Gierzwaluwen, slechtvalken, ratten, muizen, bijen en vlinders laten zich in de stad met regelmaat zien. Maar het kan nog beter, volgens stadsecoloog Niels de Zwarte zijn er nog tal van mogelijkheden om de stad en de natuur goed met elkaar te verbinden.
Boek
Samen met twee architecten Jacques Vink en Piet Vollaard schreef Niels de Zwarte het boek : Stadsnatuur maken. een boek over de interactie tussen de ontwerpers van de stad en de natuur die zich daarin ontwikkelt. In de stad vinden diverse dier- en plantensoorten inmiddels een beter leefgebied dan in het omliggende buitengebied. Ontwerpers zoals architecten en planologen zouden dus ook aandacht moeten besteden aan de natuur die in de stad te vinden is.
Natuurinclusief ontwerpen is een pionierspraktijk, en pas recent onderdeel van de stadsplanning. Maar een belangrijke ontwikkeling, want het behoud van de natuur in de stad is van groot belang, zowel voor dier als voor de mens.
Je zou het niet verwachten maar steden zijn rijker aan soorten dan het platteland. Steden zijn meer gevarieerd dan bijvoorbeeld een weiland en ze zijn een paar graden warmer. Het warme klimaat en gevarieerde landschap stimuleren vooral de groei van planten maar ook van tal van dieren.

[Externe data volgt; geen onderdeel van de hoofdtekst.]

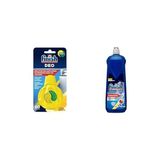 1001 Finish Deo Bulaşık Makinesi Kokusu - Limonlu ve Finish Bulaşık Makinesi Parlatıcı & Kurutucu L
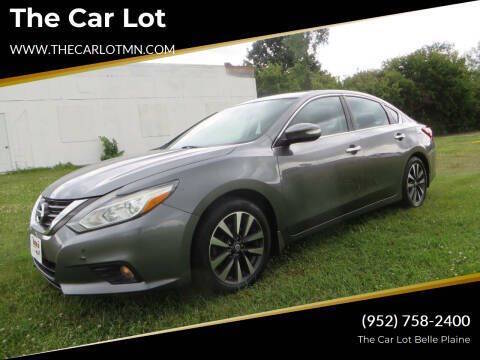 2016 Nissan Altima 2.5 SL FWD photo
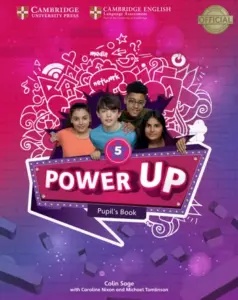 Power Up 5 – Presentation Plus [MAC]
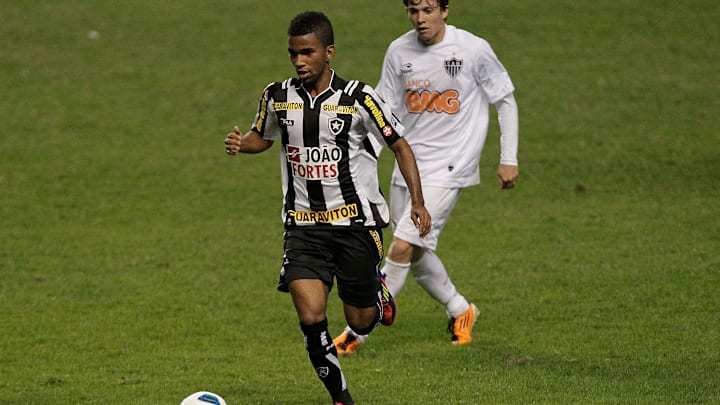 Botafogo v Atletico MG - Serie A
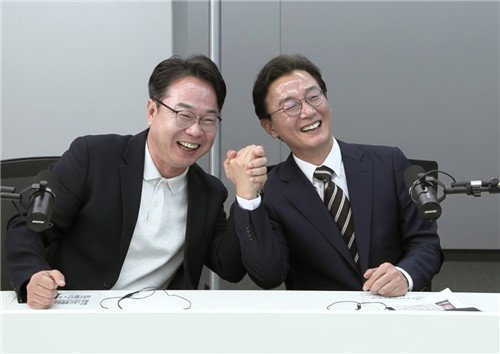 부산시장 경선 이재성, 전재수 후보 지원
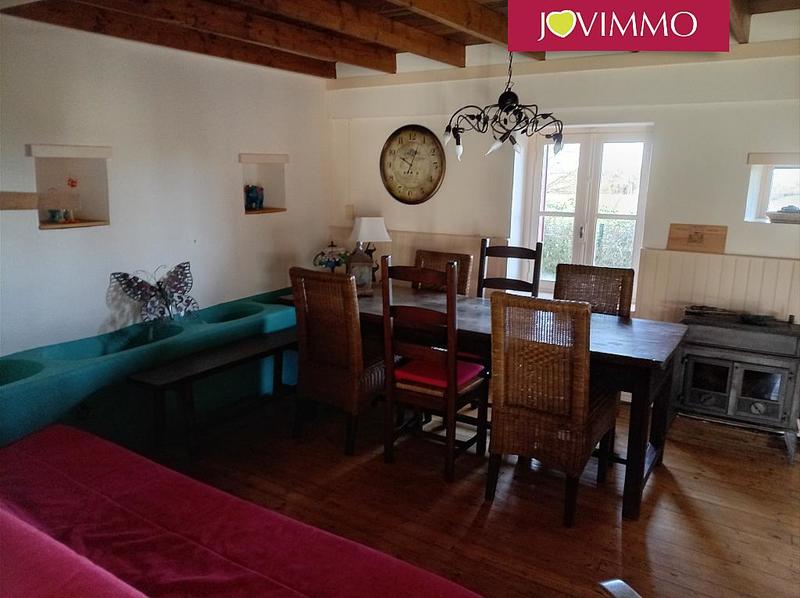 Maison - 98 m² - 4 pièces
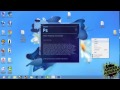 تعليم تنزيل برنامج photoshop cs6 و فك الضغط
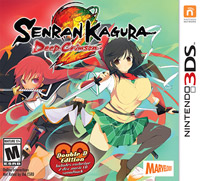 Senran Kagura 2: Deep Crimson: Cheats, Trainer +6 [FLiNG]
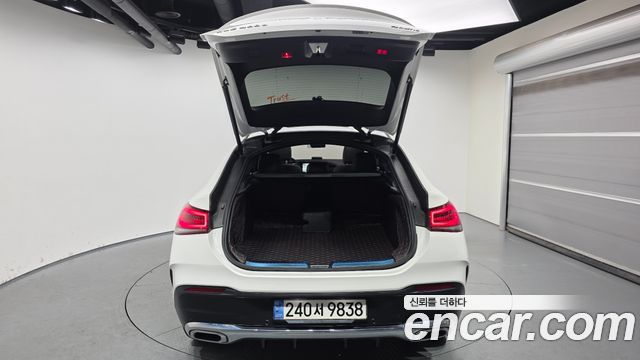 Mercedes-Benz GLE-Class GLE400d 4MATIC Coupe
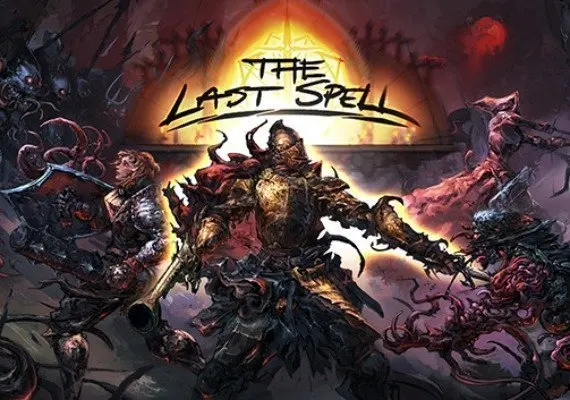 The Last Spell EN/FR/ZH/ZH — Steam, Standard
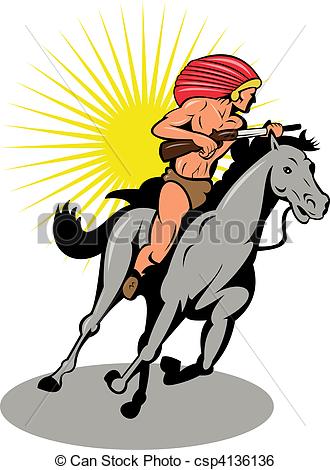 330x470 native american indian chief with native american indian chief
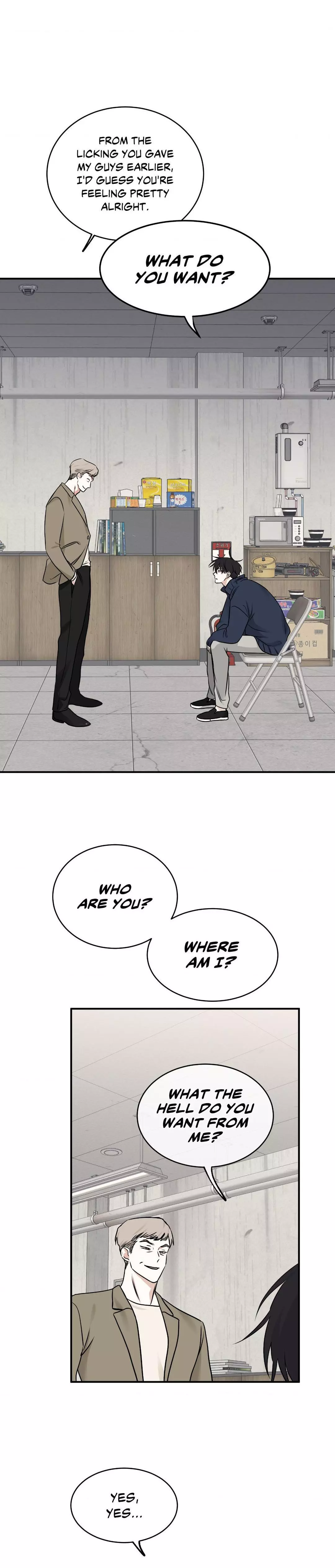 Low Tide in Twilight Chapter 88 page 8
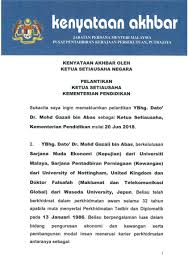 Ketua setiausaha negara contact phone number is : Kenyataan Akhbar Oleh Ksn Pelantikan Ketua Setiausaha Kpm Kgm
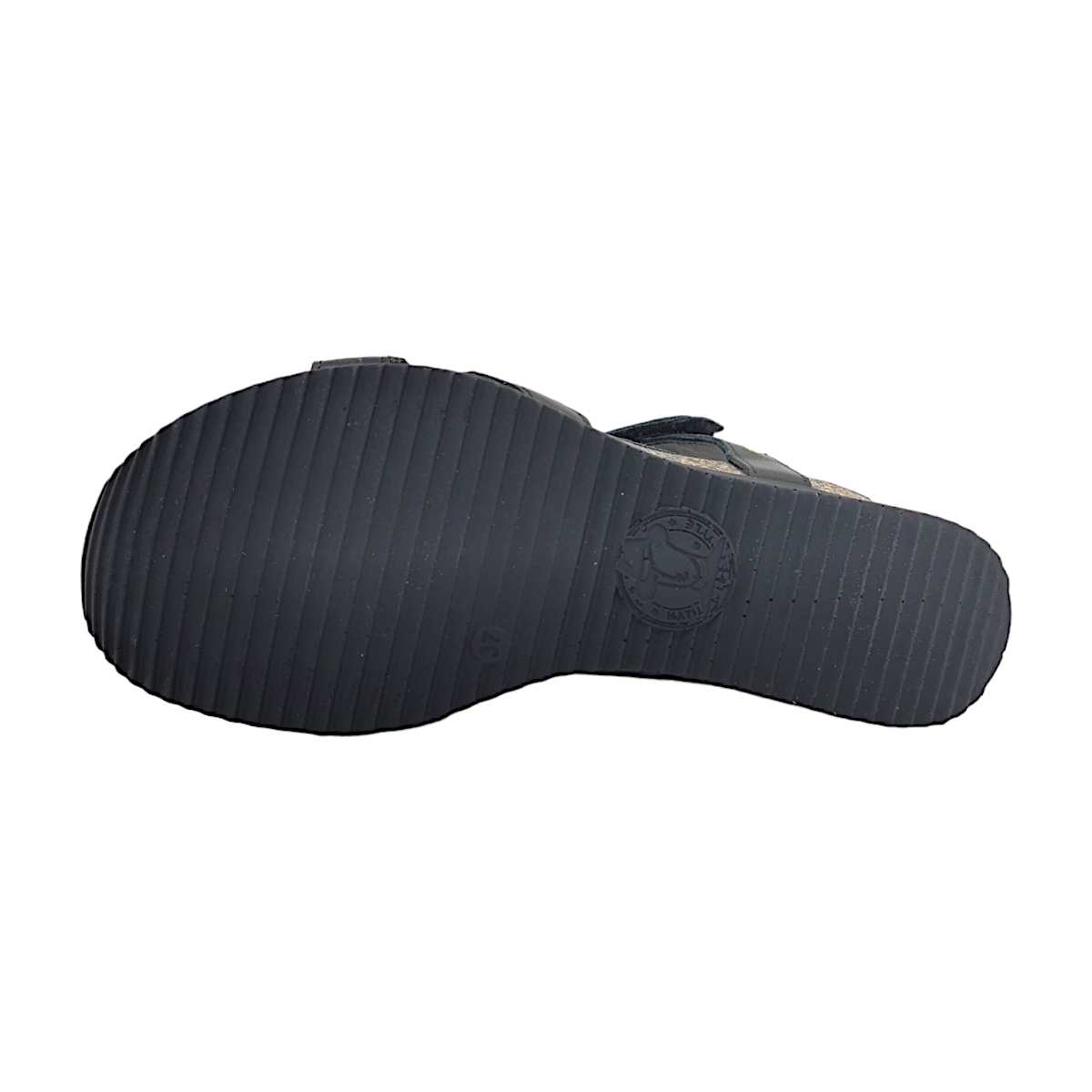 Panama Jack Nica Sport B10 Schwarz negro black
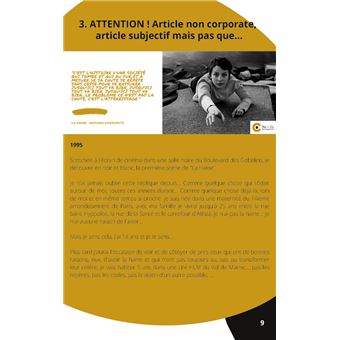Les articles de l'Ecole des Femmes Inspirantes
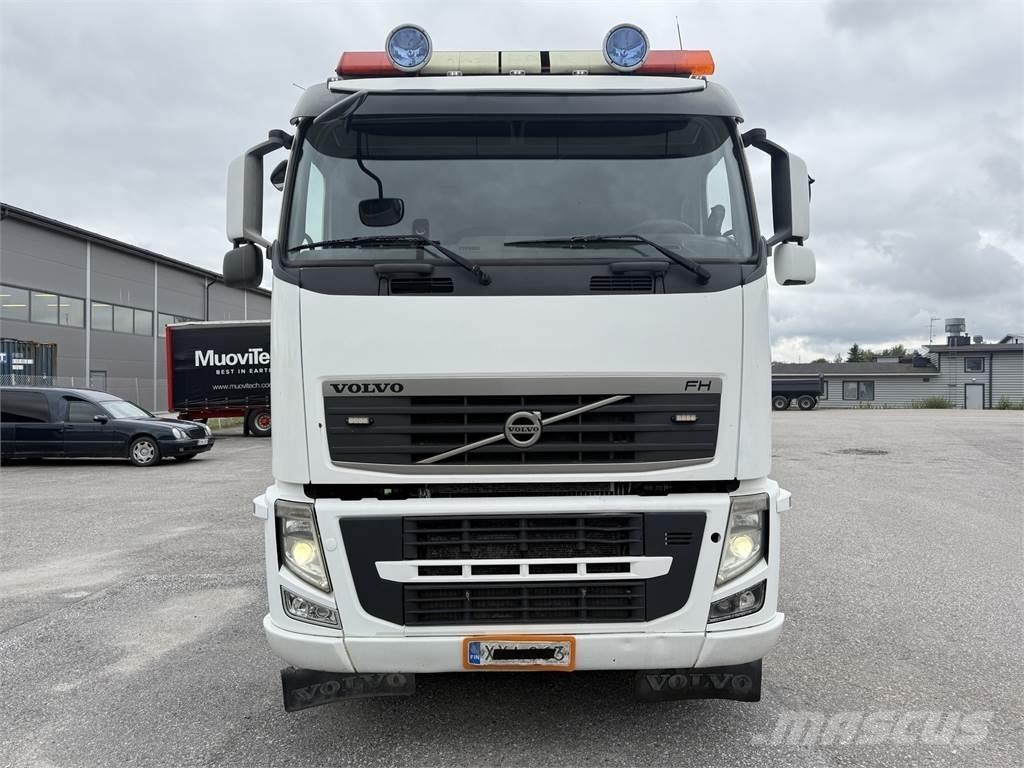 Volvo FH540 6x2 Konksliftveokid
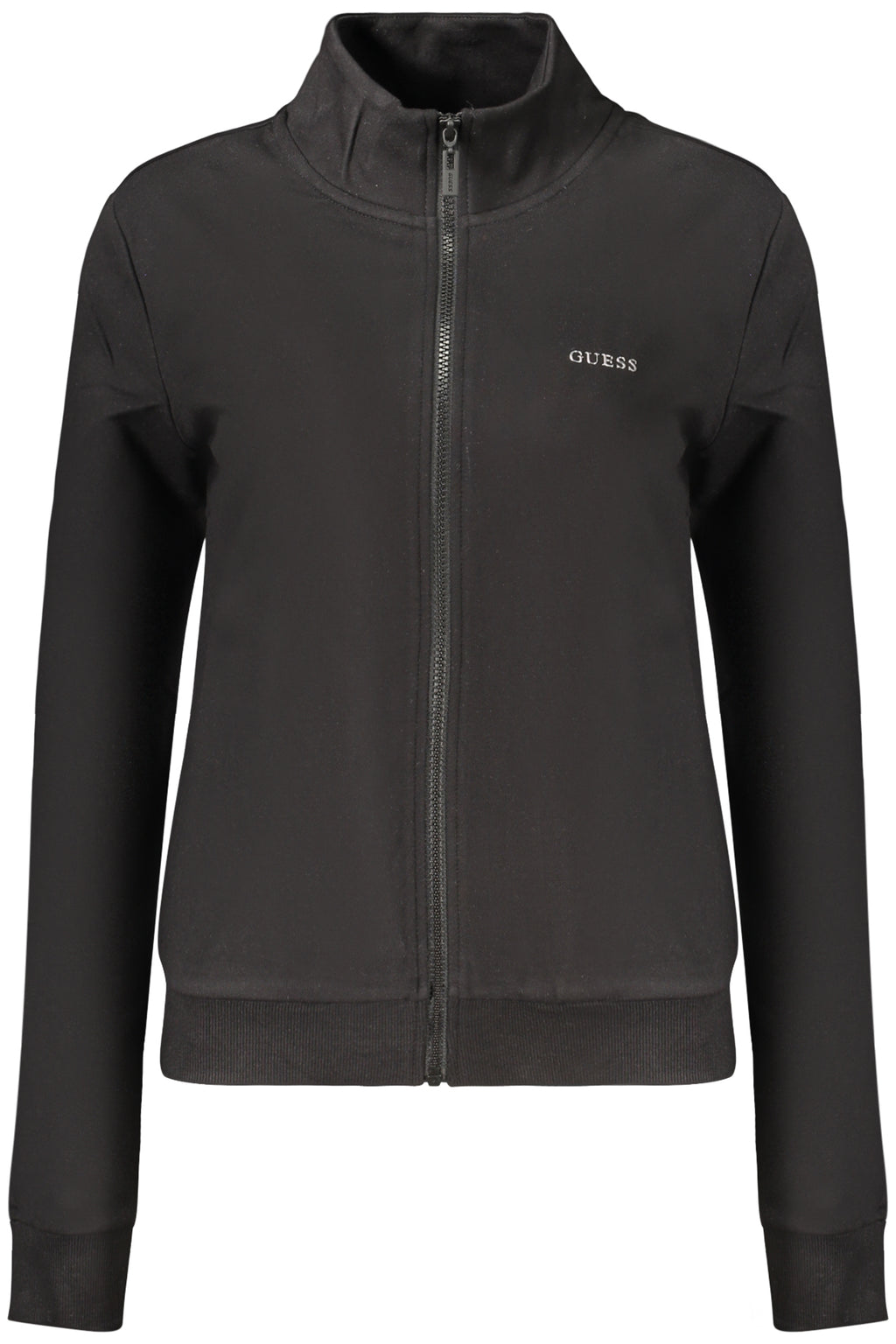 GUESS JEANS Sudaderas Mujer Negro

Een kwart van de Nederlandse soorten woont in de stad. Een stad als Amsterdam telt bijvoorbeeld honderden soorten planten en dieren en Rotterdam telt nu zo’n 10.000 soorten. Onder hen 1000 nachtvlinders, 1000 planten, 300 vogels, 50 zoogdieren en de rest zit onzichtbaar in de bodem en het water. In elke grote stad komen ruwweg wel dezelfde soorten voor.